*Task goal*. Every line below from the one with "A participant stands" through the one with "A woman at a" should be retyped exactly, both ends included; no other lines and no pictures.

*The input*.
######

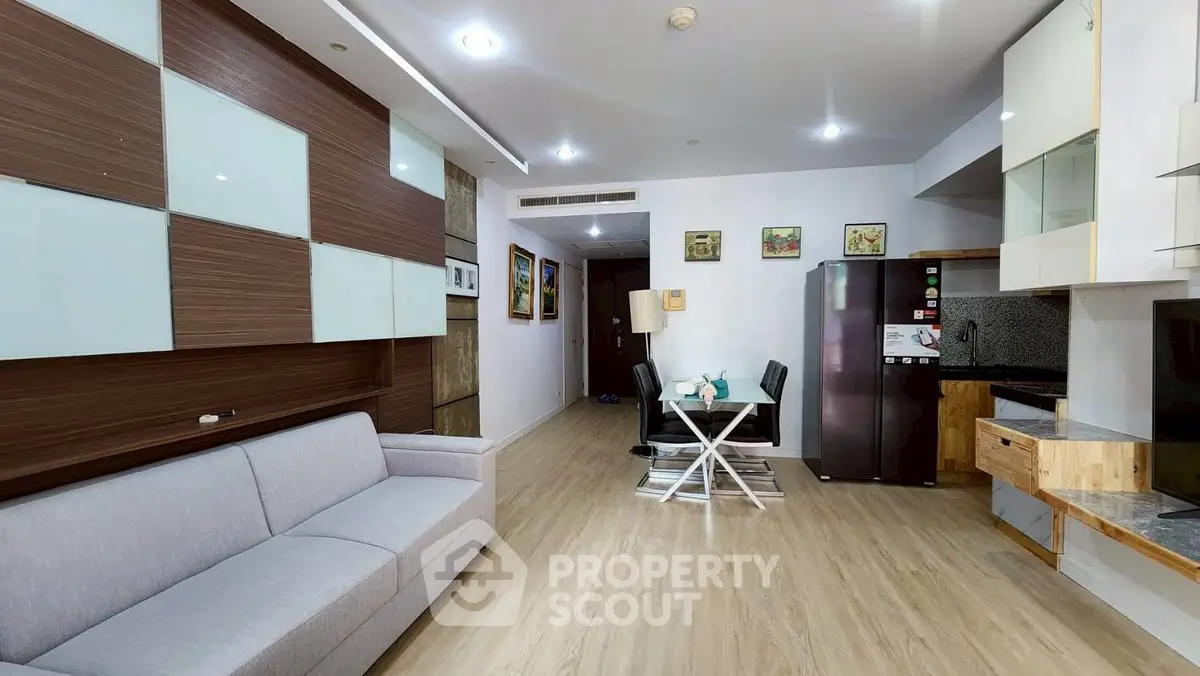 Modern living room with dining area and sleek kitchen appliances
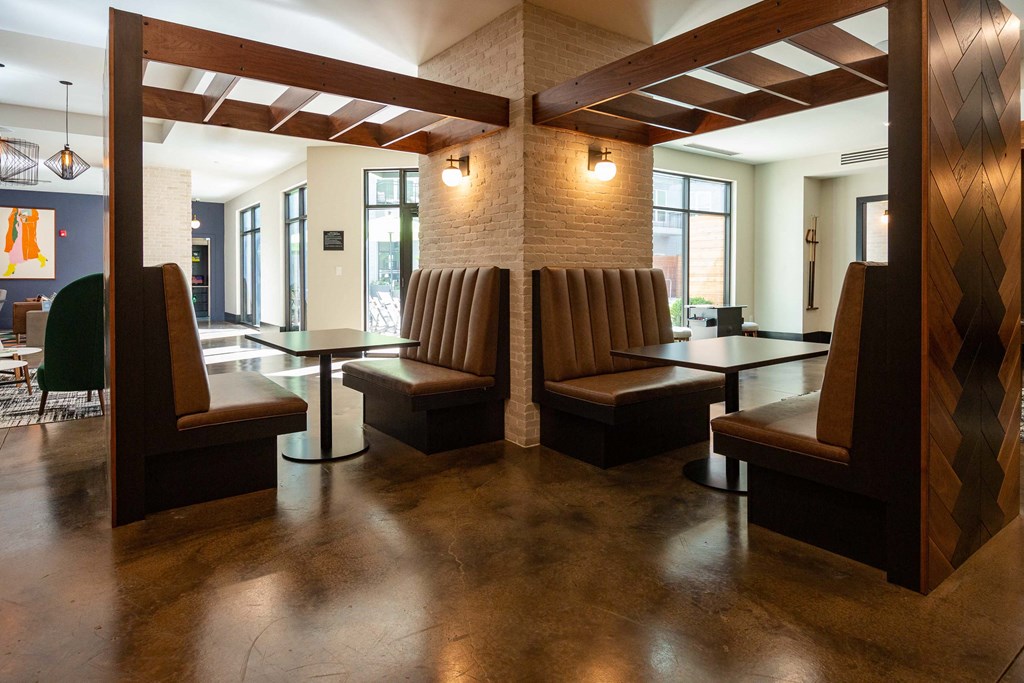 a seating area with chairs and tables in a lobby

######

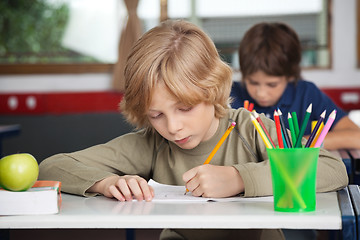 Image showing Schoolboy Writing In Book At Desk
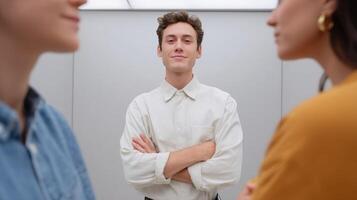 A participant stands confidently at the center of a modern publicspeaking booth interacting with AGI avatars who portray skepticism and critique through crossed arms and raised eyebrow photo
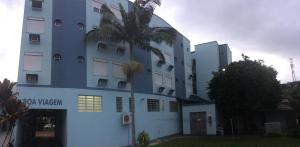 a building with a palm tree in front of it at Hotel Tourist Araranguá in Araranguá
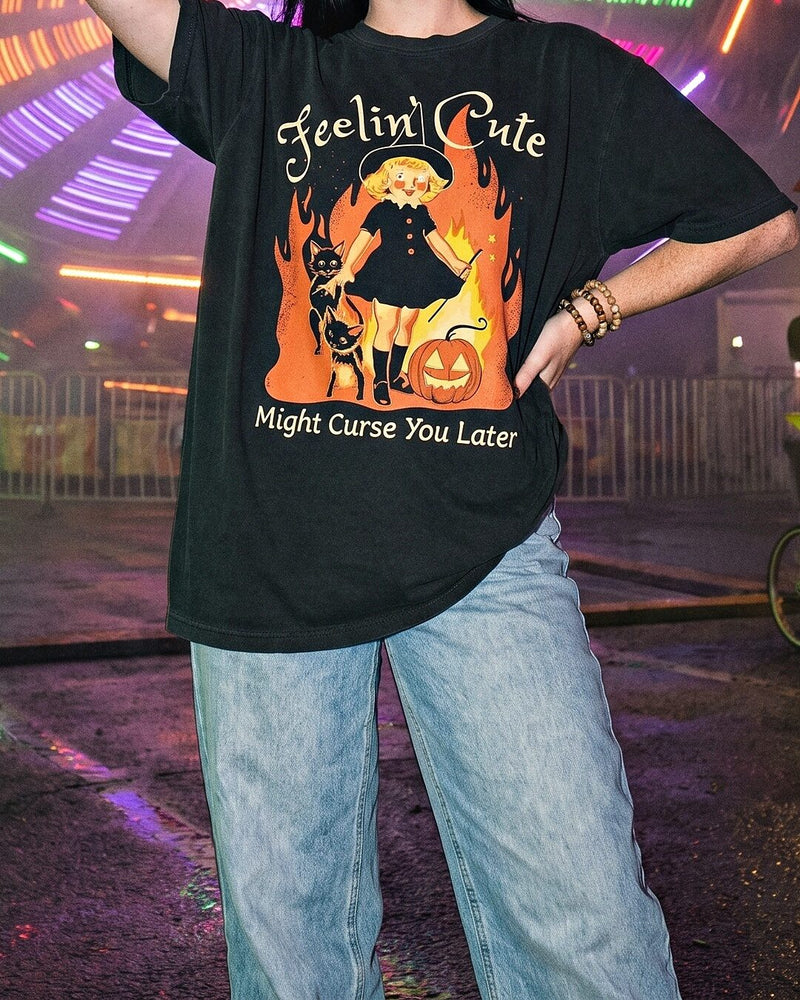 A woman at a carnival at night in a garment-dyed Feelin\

######

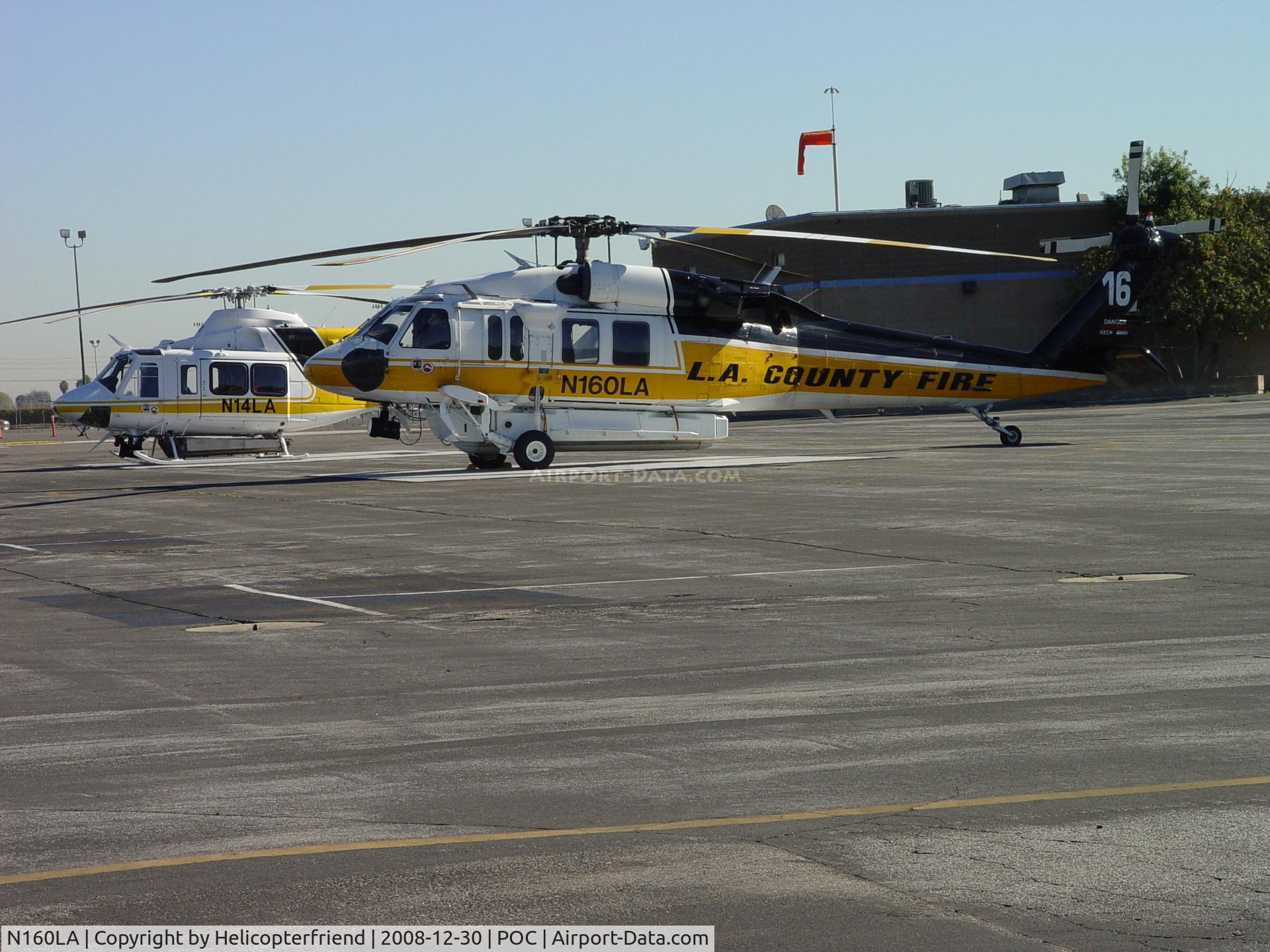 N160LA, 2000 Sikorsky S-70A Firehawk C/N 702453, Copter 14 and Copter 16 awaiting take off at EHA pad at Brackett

######

*Solution to this task*.
 A participant stands confidently at the center of a modern publicspeaking booth interacting with AGI avatars who portray skepticism and critique through crossed arms and raised eyebrow photo
 a building with a palm tree in front of it at Hotel Tourist Araranguá in Araranguá
 A woman at a carnival at night in a garment-dyed Feelin\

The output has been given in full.